De um dito popular, sempre atual: "quem tem boca, fala o que quer, quem tem ouvidos, ouve o que não quer".
A sociedade brasileira vem sendo bombardeada por propaganda golpista — mesmo durante as convivências “excludentes” dos próprios golpes. Esses bombardeios não partem apenas dos golpistas, “daqueles que lucram com o golpe da ocasião”, mas também dos desprovidos de senso crítico que, pela ausência de um mínimo de leitura, agradecem a um hipotético deus o privilégio de viver, mesmo que sob o ardor da chibata.
Juntando esses dois absurdos, o Brasil, que ao mesmo tempo precisa — em nome de uma dignidade mínima — condenar à prisão os navegantes da última nau golpista, “lembremos: só é possível punir a tentativa”, já que, uma vez consumada, a ordem reinante será a do golpe.
Então?
Nós, defensores de um “ESTADO DE DIREITO”, ainda que burguês e pregador de uma igualdade de oportunidades inexistente — poderíamos até argumentar os privilégios herdados como terras, riquezas e saberes elitistas — poderíamos ir, ainda ou precisamente, ao nada irrelevante fato de as religiões estarem sempre ao lado dessas mesmas elites.
Chegamos, por um passe de mágica, ao Brasil do pós-08/01/23. Ou seria o Brasil pós-prisão de Lula, em 2018, para que ele não concorresse às eleições? Ou, ainda, o Brasil do golpe “batizado de impeachment” de 2016? Ou mesmo o Brasil que jamais puniu os golpistas de 1964? Percebam: precisamos entender qual é, afinal, a pacificação que está sendo proposta.
Poderíamos, por obrigação de saber histórico, lembrar que os golpistas não punidos sempre articularam e efetivaram novos golpes. É preciso, então, chamar a atenção daqueles sensibilizados por narrativas que apresentam vítimas — com aparência de bezerros desmamados — que vêm a público como perseguidos por um suposto sistema judicial injusto.

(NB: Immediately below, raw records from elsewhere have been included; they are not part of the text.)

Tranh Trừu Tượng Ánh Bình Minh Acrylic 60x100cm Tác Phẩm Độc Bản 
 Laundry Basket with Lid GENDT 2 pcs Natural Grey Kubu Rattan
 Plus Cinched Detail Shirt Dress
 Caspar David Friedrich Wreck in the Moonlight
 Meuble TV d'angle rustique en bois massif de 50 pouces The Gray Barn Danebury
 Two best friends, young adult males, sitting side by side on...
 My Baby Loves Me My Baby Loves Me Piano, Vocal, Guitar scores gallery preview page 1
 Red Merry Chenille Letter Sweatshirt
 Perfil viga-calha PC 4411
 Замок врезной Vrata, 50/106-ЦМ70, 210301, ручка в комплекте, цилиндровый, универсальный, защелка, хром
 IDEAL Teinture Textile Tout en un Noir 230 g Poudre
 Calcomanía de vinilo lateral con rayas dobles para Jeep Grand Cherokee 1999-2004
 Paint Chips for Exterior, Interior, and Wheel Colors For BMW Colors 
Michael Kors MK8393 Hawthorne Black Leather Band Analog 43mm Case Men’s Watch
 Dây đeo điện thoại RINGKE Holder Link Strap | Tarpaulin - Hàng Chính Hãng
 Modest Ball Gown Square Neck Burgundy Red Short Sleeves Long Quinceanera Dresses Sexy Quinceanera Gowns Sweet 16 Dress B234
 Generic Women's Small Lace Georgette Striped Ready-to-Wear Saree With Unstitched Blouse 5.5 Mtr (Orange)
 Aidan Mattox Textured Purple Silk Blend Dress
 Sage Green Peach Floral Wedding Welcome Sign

É exatamente aqui que entra a “historinha nada fictícia” de uma mãe — radical de direita, basicamente por formação religiosa, “daquela Igreja Católica das caminhadas com Deus pela liberdade, em 1964”. Essa mãe, lembro bem, bastante real, sempre esbravejou contra os direitos humanos. Por infelicidade, perdeu um filho num assalto — fato que agravou seu ódio contra aqueles “criminosos” que defendem dar dignidade a quem comete crimes bárbaros como ceifar a vida de alguém.
Todavia, porém, contudo, esta mãe — bastante real — teve uma filha envolvida como cúmplice num quádruplo assassinato por motivo fútil. Essa mãe militou intensamente pelos direitos humanos básicos de sua filha — apenas de sua filha. Hoje, com a pena já cumprida, é bastante provável que, caso haja um novo 08/01, essa filha esteja entre os que depredam prédios públicos para, principalmente, pleitear um novo AI-5 que “torture, exile ou até execute” este cronista.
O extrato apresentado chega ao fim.